Yarattıkları fenomeni şimdi imhaya uğraşıyorlar topyekun. Aslına bakarsanız bunun böyle olacağı belliydi ama şimdi olacağı belli değildi. Milli takımın iyi bir seriyle başlaması, rakiplerinin ise dağınık bir görüntü çizmesi bu tablonun gecikme nedeniydi. Diğer bir neden ise (ki hala olgunlaşmamıştır), Fatih Terim'in yerine koyulacak yeni bir prensin Türk futbolunda bulunamayışıdır. Zaten eğer bulunmuş olsaydı, yapılan eleştirilerin devamında mutlaka bu kişinin adı geçer ve ufak ufak darbenin zemini hazırlanırdı. Evet darbe!

Şenol Güneş'in Dünya Kupası üçüncülüğünden sonra nasıl altının oyulduğunu hatırlayın. Saçlarının taranmasından tutunda, çapsızlığına kadar varan futbol harici eleştirilerin hepsinden nasibini almıştı. Çünkü o süreçte birileri Ersun Yanal'ın pazarlamacılığına soyunmuştu. Genç, hedefleri olan, modern futbolu bilen ve hepsinden önemlisi zamanı geldiğinde rahatça harcanabilecek bir teknik adamdı Yanal! Öylede oldu zaten. Bugün her kötü oynadığı maçtan sonra Hakan Şükür futbolu ne zaman bırakacak diye soran adamlar, Ersun Yanal, Hakan'ı milli kadrosuna almadığı için bir kalemde silmişlerdi.

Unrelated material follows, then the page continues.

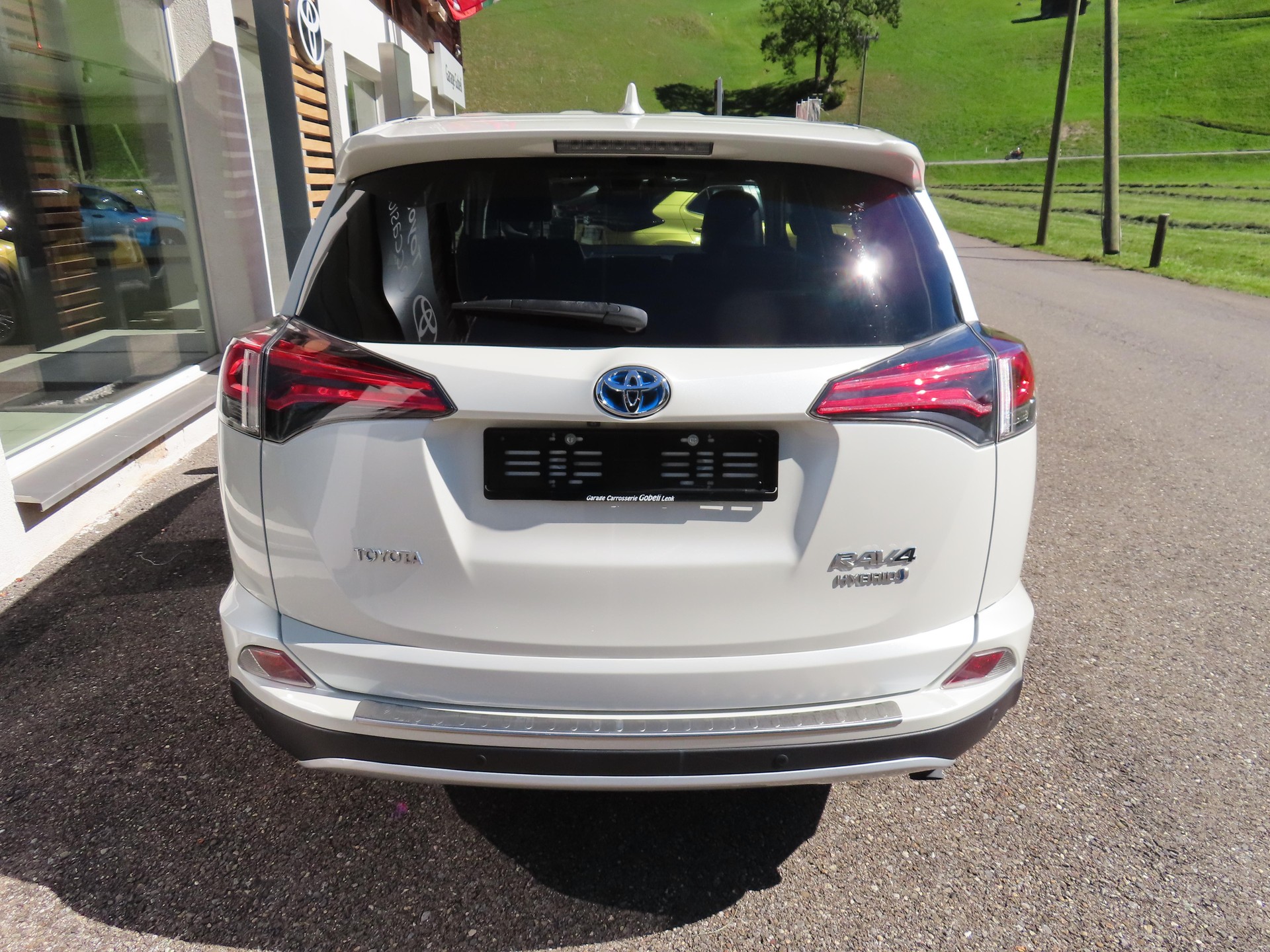 TOYOTA RAV4 2.5 HSD Premium-image-4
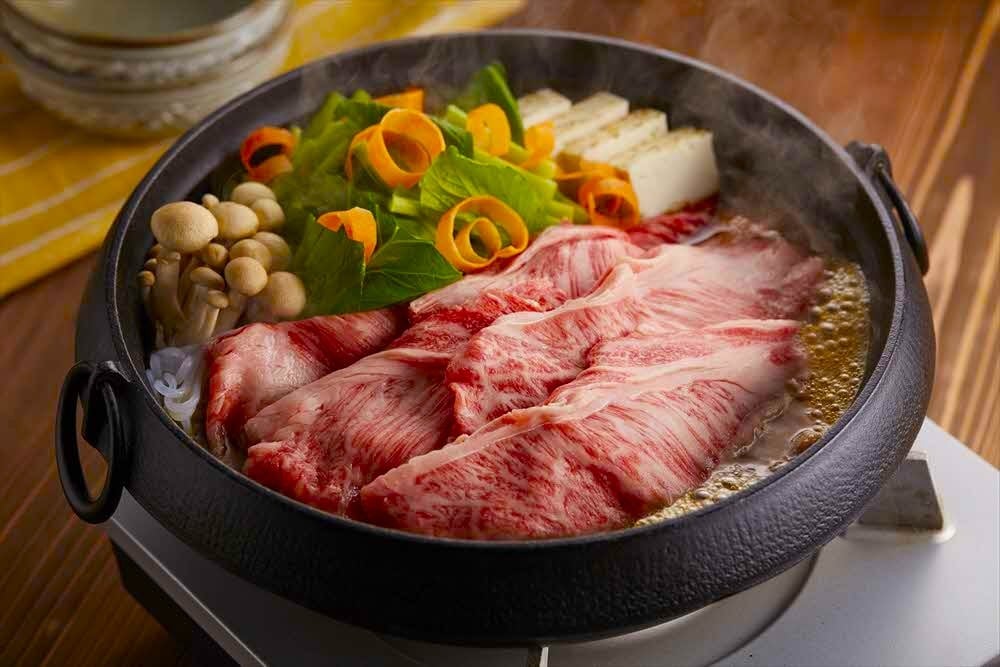 
            やまぐち和牛燦(きらめき) 肩ローススライス(800g) 肉 牛肉 和牛 黒毛和牛 やまぐち和牛燦 肩ロース スライス グルメ F6L-966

Bunların hepsi birer darbeydi. O dönemde Galatasaray'dan ko-vulurcasına yollanan Fatih Terim'i milli takımın başına getirenler, eminim böylesi bir sürecinde hesabını yapmışlardır.

Fatih Terim'in kariyerini tartışmak futbol cahilliğidir. Ancak bu böyleyken o dönemde ki Galatasaray'ı tartışmamakta cahillik olur. Tüm Galatasaray orta sahasını, Hagi'yi, Taffa-rel'i ve güçlü bir Hakan Şükür'ü ele almadan Fatih Terim portresini çizemeyiz. İyi bir teknik adam, iyi bir kadro ve iyi bir kulüp yönetimiyle farkını ortaya koyar. O dönemki Galatasaray'da bunların hepsi vardı. 2002-2003 sezonunda ki ikinci Galatasaray macerasında ise tam bir hayal kırıklığıydı Terim. Çünkü takım dağılmış, Hagi futbolu bırakmış ve Galatasaray Kulübü kötü yönetilmeye başlanmıştı. Bugün 6-0 la ve 150 milyon dolarlık mali çıkmazlarla hatırlanan bir dönemdir o dönem.

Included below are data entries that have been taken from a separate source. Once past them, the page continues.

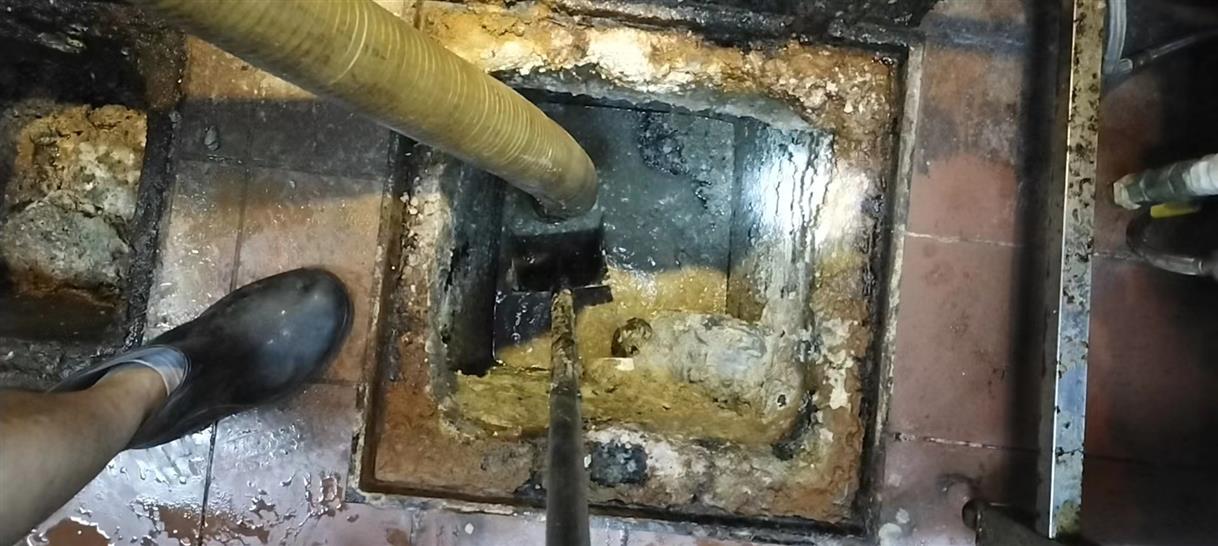 翠峦化油池清理-污水池清掏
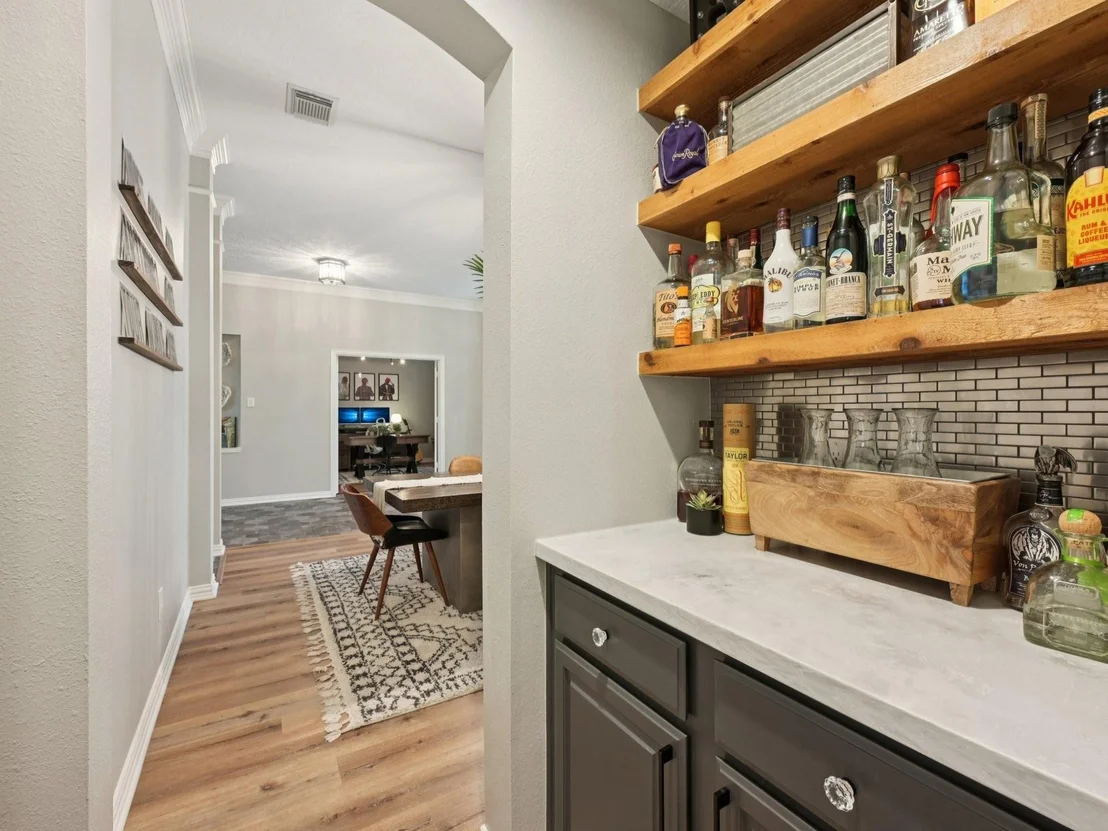 Photo of 2037 Lakeside Drive
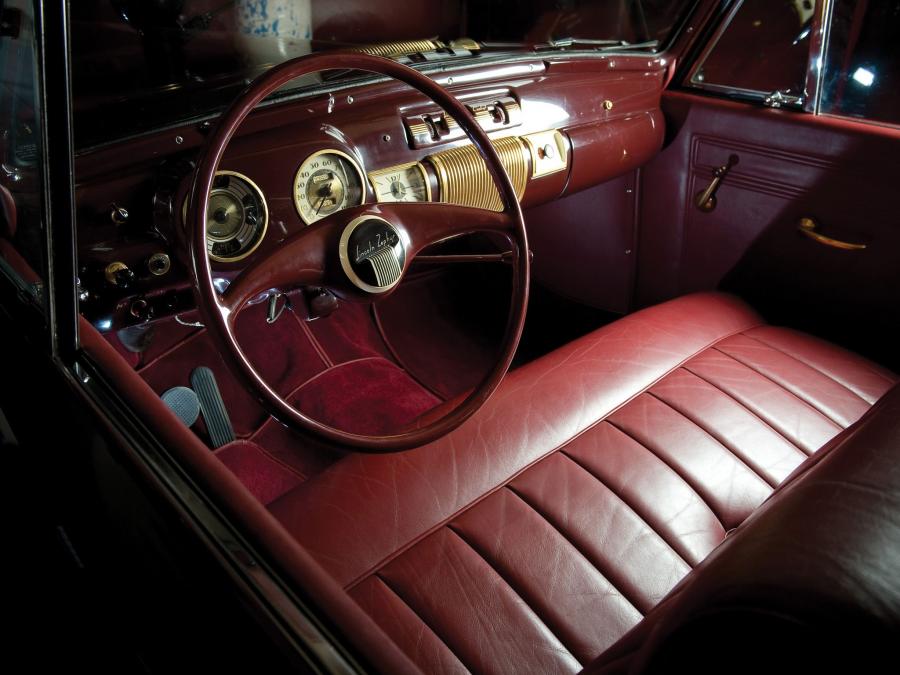  Lincoln Zephyr Continental Cabriolet 1939 года  (фото 4 из 16)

Şimdi Sinyor Terim yeni bir krizle karşı karşıya. Eskiden sadece Galatasaray medyasının birkaç kalemiyle uğraşması gerekirken, şimdi bütün spor medyası ona karşı. Oysa milli takımın problemi sadece Fatih Terim değildir. Aslında vasat futbolculardan oluşan bu takımın başında Sir Ferguson ya da Mourinho'da olsa bir şey fark etmez. Çünkü kötü bir takımın yanı sıra, devamında kötü yönetilen bir federasyon ve karaktersiz bir futbol medyası var.

Özetle söyleyecek olursak, yıllardır Terim'in karizmasıyla ezilen futbol medyasının intikam sesleridir bu sesler. Yoksa ne Malta beraberliği ne de Terim'in yetersizliğidir neden. Keşke öyle olsaydı ama değil işte!